FRAs are an over the counter (OTC) bilateral agreement that allows the buyer/seller to notionally borrow/lend a specified amount at a ICE LIBOR-based linked rate over a forward period.
What is Convexity Bias?
Convexity bias appears in short-term interest rate instruments because of the payoff differences in the futures market versus the OTC FRA market (aka forward market).
For example, as Eurodollar futures (the underlying interest rate for Eurodollar futures) moves up and down, the payoff for the Eurodollar futures contract remains the same. If rates move up one basis point, the futures will change by $25.00 per contract. If rates move down one basis point, futures will also change by $25.00 per contract. Whether you profit or book a loss depends on if you are long or short on the futures.
With FRA agreements there is a convex payoff. Increases and decreases in rates produce differing payoffs. Its market value rises more for a given decline in rates than it would for a decline for the same size in the forward rate.
As rates decrease 10 basis points from 2.00 to 1.90, notice the Eurodollar (ED) futures lose $250,000, but the FRA payoff is 250,062. The same thing happens for an increase in rates. ED futures gain $250,000 but the FRA loses $62.00 less.
Remember ED futures move inversely with interest rates.
The table shows the convexity bias between a position of short 1000 Eurodollar (ED) futures and an offsetting short $1005m 3-month FRA (slightly more than $1000m to compensate for discounting methodology), both instigated at a rate of 2%.
- An increase in underlying rates from 2% to 2.10% would result in a credit to the variation margin account of short 1000 ED STIR position of $250,000 and a debit of slightly less than that in the discounted equivalent of $1005m-3M FRA collateral account (assuming zero threshold – zero threshold means every dollar of value change has to be made good.).

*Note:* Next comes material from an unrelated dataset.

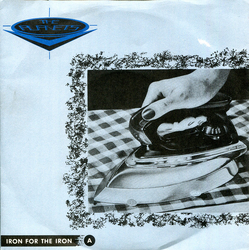 The Planets (2) Iron For The Iron Vinyl 7" USED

- A decrease in underlying rates of 10 basis points to 1.9% would result in a debit to the variation margin account of a short 1000 ED STIR position of $250,000 and a credit of slightly more than in the $1005m 3-month FRA collateral account (assuming zero threshold).
Source: STIR Futures—Trading Euribor and Eurodollar futures, by Stephen Aikin
The amount of the convexity is small at the short end of the curve. The example is using a three-month FRA and Eurodollar futures. Further out on the curve the convexity increases and sometimes dramatically.

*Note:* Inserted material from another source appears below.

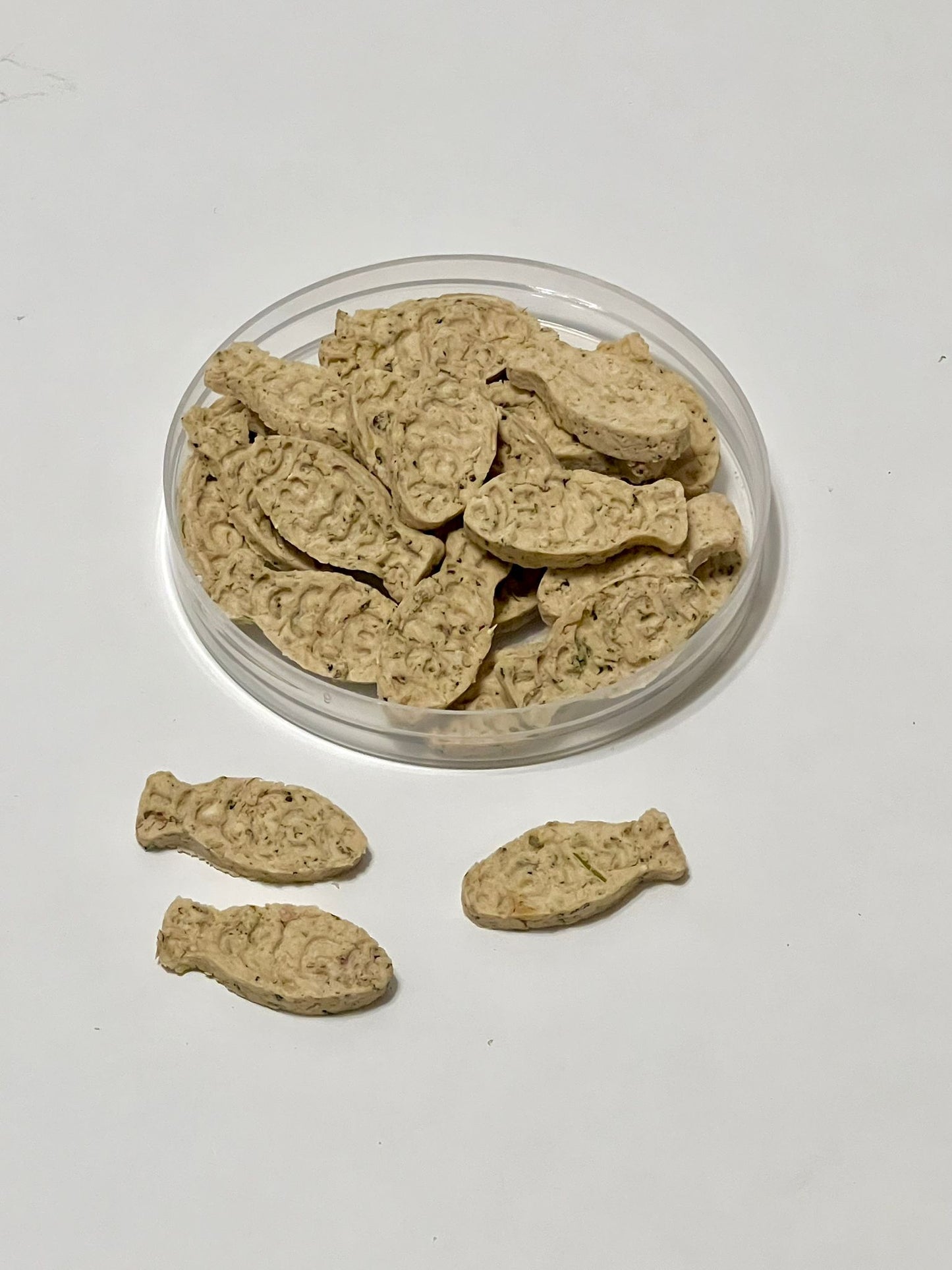 Catnip Biscuits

Why is Convexity Important?
Although changes in the market have diminished the convexity phenomenon, fixed income traders have to be aware of the bias because of the effects on larger OTC transactions, like FRAs, that are further out on the yield curve. While the change might only be a few hundred dollars on a short term FRA, the changes in a 5-year FRA could be orders of magnitude higher, costing portfolio managers valuable capital.
Still the Eurodollar futures markets and the underlying FRA market closely track each other as spreading and arbitrage opportunities keep them from getting too far out of line.

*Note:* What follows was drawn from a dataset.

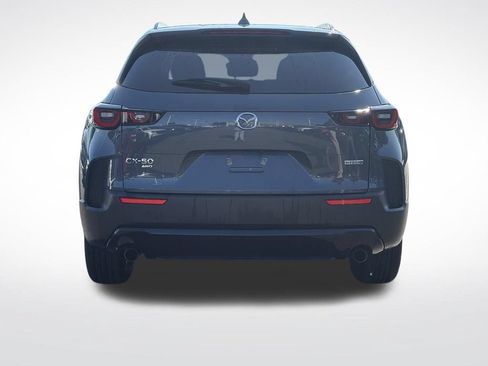 Used 2025 MAZDA CX-50 AWD 2.5 Hybrid w/ Premium Pkg image 8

What Contributes to Convexity Bias?
It is thought that the Convexity bias is due to the following:
- The way Eurodollar futures are margined versus an FRA instrument
- The cash flows paid out over the life of a futures contract versus an FRA. Futures are marked-to-market each day by the clearinghouse, while cash flows in an FRA are paid off differently.
- Volatility in the interest rate markets, generally increasing volatility could cause margin changes.
Over the years since the financial crisis, the convexity bias has significantly declined. Since many OTC swaps/FRAs etc. have migrated to central counterparty clearing models such as the exchanges, the margining similarities have contributed to a decline in the convexity bias.
Uncleared margin rules also have impacted funding on OTC trading such as swaps and forward rate agreements. Higher funding rates should, in theory, drive such transactions to the exchanges, such as CME Group, where margin benefits and margin offsets can be realized.